El sacerdote se acercó y el guerrero depositó las pesadas hachas en sus endebles manos. Luego lo siguió mientras el capitán escupió el suelo y se desentendió del asunto.

─Recuerde mi señor que ellos se acercaron al cuerpo sin dar aviso

─Es lo que vi capitán, es lo que vi ─asintió el anciano llevándose al forajido  ─Entrégueme uno de sus guardias y que atestigüe eso mismo.

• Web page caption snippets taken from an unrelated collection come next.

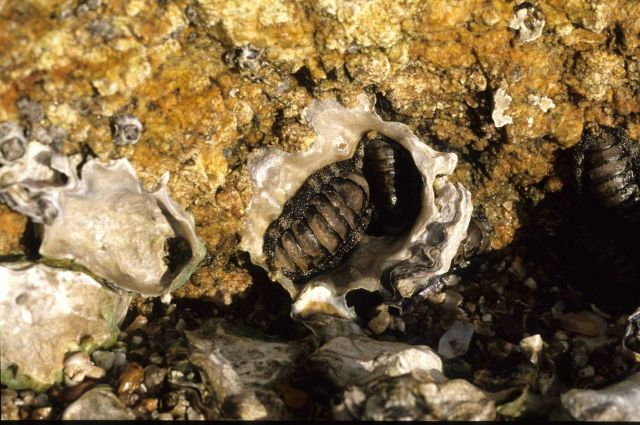 Chitons nested in an oyster shell Picture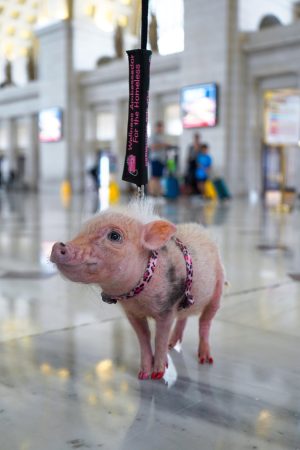 This mini pig has a big job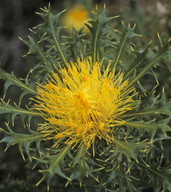 Dryandra falcata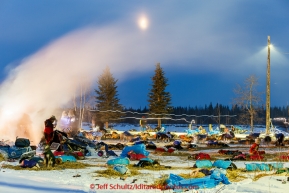 Musher headlamps streak in this time-exposure as teams rest and vapor rises from cook pots on the banks of the Yukon river at the Tanana checkpoint at 20 degrees below zero on Wednesday morning  March 11th during the 2015 Iditarod(C) Jeff Schultz/SchultzPhoto.com - ALL RIGHTS RESERVED DUPLICATION  PROHIBITED  WITHOUT  PERMISSION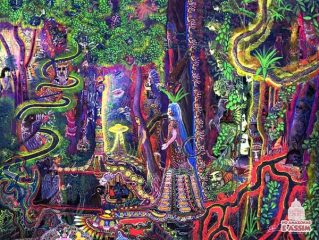 dmt effect image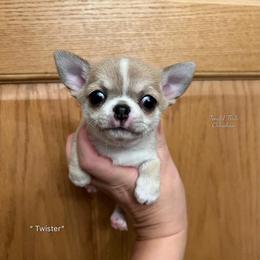 Mister Twister - Blue fawn male Chihuahua puppy in Michigan from Fanciful Thrills Kennel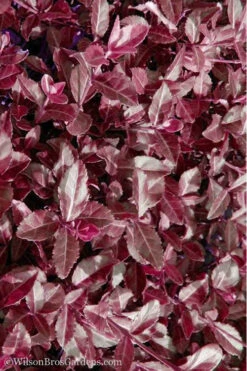 Purple Wintercreeper - Euonymus Fortunei Coloratus - 3 Pack Of Pint Pots -Wilson Bros Garden Purple Wintercreeper 7 5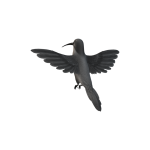 humming-bird-isolated-on-a-transparent-background-free-png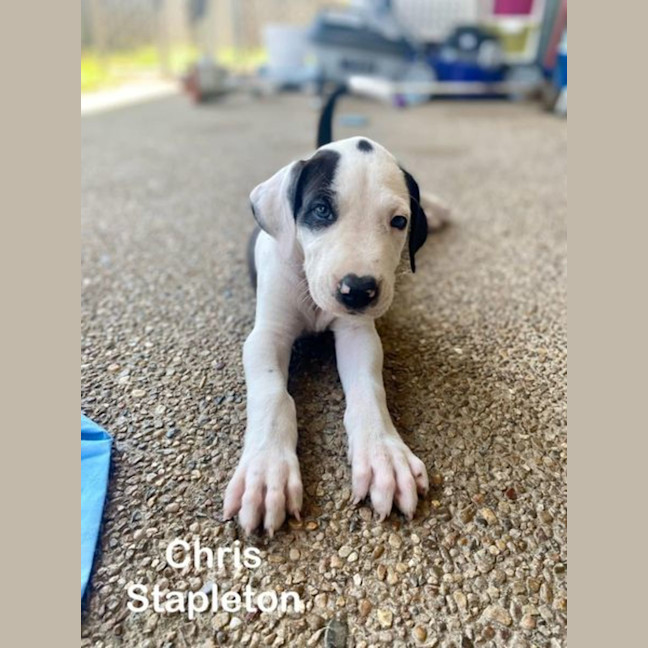 Photo of Chris Stapleton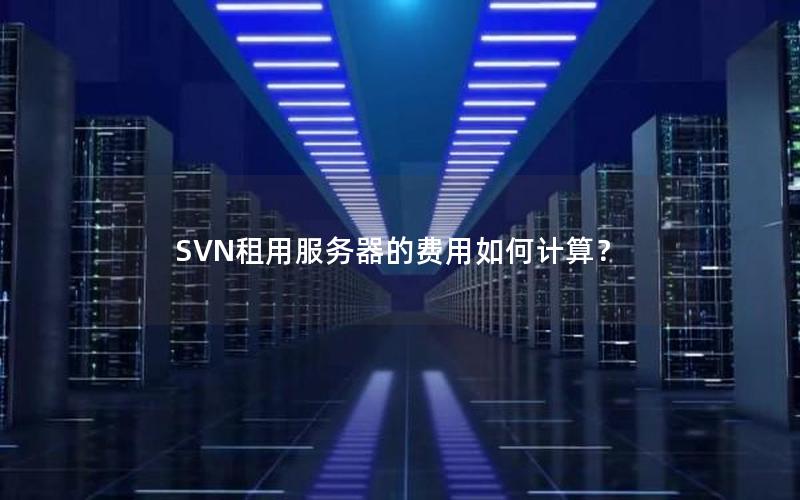 SVN租用服务器的费用如何计算？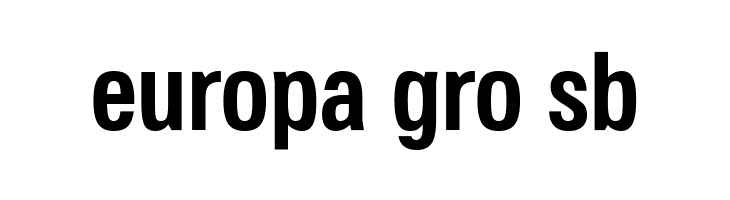 Jane Roe Bold  Free Fonts Download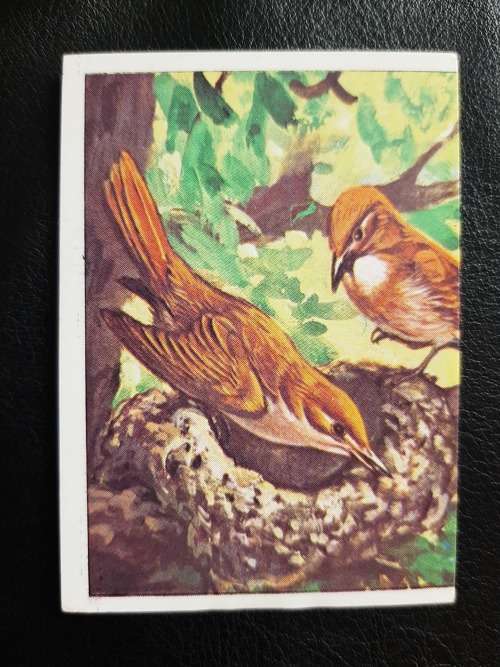 Figurine Panini Birds Sticker #221 (1979)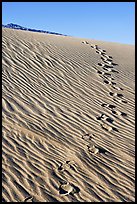 Footprints in the sand. Death Valley National Park, California, USA. (color)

─¡Putrid!...ven aquí, acompaña al sacerdote y escolta al prisionero. Has todo lo que diga nuestro señor ─ordenó mientras le ponía una mano en el hombro y lo miraba fijo ─ ya sabes que decir en el consejo.

El guardia asintió resignado. Quería volver a su cama después de una guardia extenuante y se encontraba con este regalo de los dioses.
Putrid no era demasiado alto pero tenía su físico bien trabajado. Era lo suficientemente fornido como para que le dieran trabajo en el puerto de Verbogón cuando recién llegó pero la tarde que lo vieron luchar contra un pirata que intentó contrabandear ron su suerte estuvo sellada. Lo reclutaron para la guardia sagrada. No podía negarse. Mejor paga y la posibilidad de tener una espada sin necesidad de desenvainar jamás. La guerra no podía estar más lejos de Verbogón. O al menos eso creía.
El prisionero le llevaba una cabeza además de que parecía un hombre de mil combates y él apenas hacía una cosecha que había desembarcado allí desde Mediamar en busca de un mejor futuro. Huyó de la batalla encontrando algo de paz en Verbogón. Intentaba dejar atrás los horrores vividos. Pero la guerra es una dama celosa y jamás deja en paz a quienes elige, sean condenados a muerte o quienes escapan de ella. Siempre será la dama quien decida cuando es suficiente.